Problem description —
Starting at the line that contains "Marina Motel hotel thumbnail 5", transcribe each line exactly through the end of the data below, and skip any pictures.

Recorded data —
# # # #

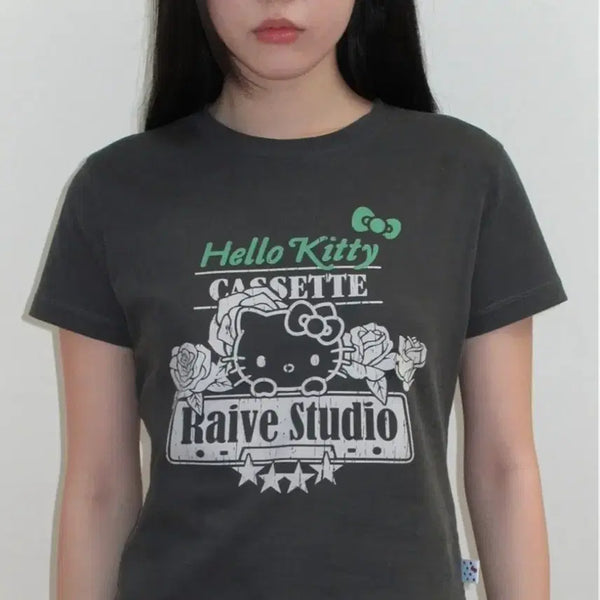 [BUNJANG] Hello Kitty Rave Collaboration Rose Short Sleeve T-Shirt / 헬로키티 레이브 콜라보 로즈  반팔 티셔츠 새상품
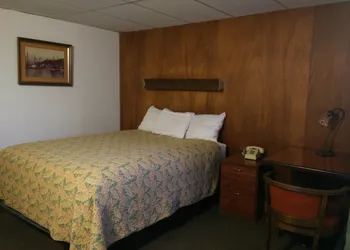 Marina Motel hotel thumbnail 5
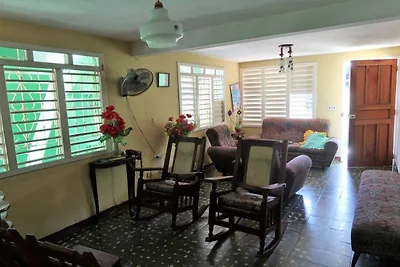 Hostal Casa Delbis y Leidyllana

# # # #

Response to this exercise —
 Marina Motel hotel thumbnail 5
 Hostal Casa Delbis y Leidyllana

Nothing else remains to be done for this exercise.